Trump also held bilateral talks with Turkish President Recep Tayyip Erdogan, Italian Prime Minister Giuseppe Conte and Danish Prime Minister Mette Frederiksen.

In August, Trump canceled a scheduled September visit to Denmark after Frederiksen said she had no interest in discussing selling Greenland to the United States as she found the idea “absurd.”

The Erdogan meeting did not appear on the public schedule. It coincided with NATO Secretary General Jens Stoltenberg’s announcement that Turkey had agreed not to block a defense plan for the Balkans and Poland. Turkey had threatened to block the plan unless NATO labeled certain Kurdish groups as terrorists.

“We stand together, all for one and one for all,” Stoltenberg told reporters. “Our commitment to Article 5, the collective defense clause of our alliance, is ironclad.”

It was a positive resolution given the dustup that preceded the two-day summit when Macron called the alliance brain dead in part because Turkey invaded Syria after informing Trump, but not other NATO nations.

When Trump met with Stoltenberg for breakfast Tuesday, he excoriated Macron for make a “very, very nasty” comment about NATO. It was an odd turnabout with Trump, who was once an ardent NATO critic, chastising a European leader for not being sufficiently pro-NATO.

Trump was more conciliatory when he met with Macron later.

While a YouGov poll estimated that 43 percent of British voters support conservatives – versus 32 percent for Labor – YouGov found only 18 percent have a positive view of Trump.

Trump’s departure no doubt was met with relief at Downing Street, as Johnson had asked Trump not to insert himself in the U.K.’s Dec. 12 elections and downplayed the chummy relationship between the two brash heads of state.

While Trump and Johnson met privately at No. 10 Downing Street Tuesday night, there were no photos and no press allowed to observe what would be an expected meeting between an American president and NATO summit host. Instead, it was as an off-the-books talk.

Throughout the summit, Trump roundly criticized the House impeachment effort – “a disgrace,” he said – which Democrats scheduled to concur with his NATO visit.

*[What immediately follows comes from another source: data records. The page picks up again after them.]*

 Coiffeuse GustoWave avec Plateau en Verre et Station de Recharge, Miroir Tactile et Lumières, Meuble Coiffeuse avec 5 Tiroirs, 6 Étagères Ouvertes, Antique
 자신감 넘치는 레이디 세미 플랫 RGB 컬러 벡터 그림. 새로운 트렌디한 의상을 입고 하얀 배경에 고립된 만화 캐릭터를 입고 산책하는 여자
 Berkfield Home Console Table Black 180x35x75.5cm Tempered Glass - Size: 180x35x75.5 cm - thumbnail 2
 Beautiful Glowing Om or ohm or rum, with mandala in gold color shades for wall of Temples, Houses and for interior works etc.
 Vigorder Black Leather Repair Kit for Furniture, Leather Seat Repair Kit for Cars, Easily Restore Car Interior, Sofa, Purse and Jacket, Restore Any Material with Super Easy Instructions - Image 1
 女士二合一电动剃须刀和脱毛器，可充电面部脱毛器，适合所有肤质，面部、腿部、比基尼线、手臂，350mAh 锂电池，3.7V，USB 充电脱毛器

Medea Benjamin of the anti-war group Code Pink, tweeted, “Trump, ever the big baby, canceled his press conference a NATO summit after European leaders mocked him, and heads home. Europeans say good riddance. Americans say ‘impeach!’”

Still, Jonathan Schanzer of the Foundation for the Defense of Democracies observed, “The overall lack of importance that this administration gives to NATO remains troubling. The alliance, however flawed, is still a crucial piece of our defense architecture.”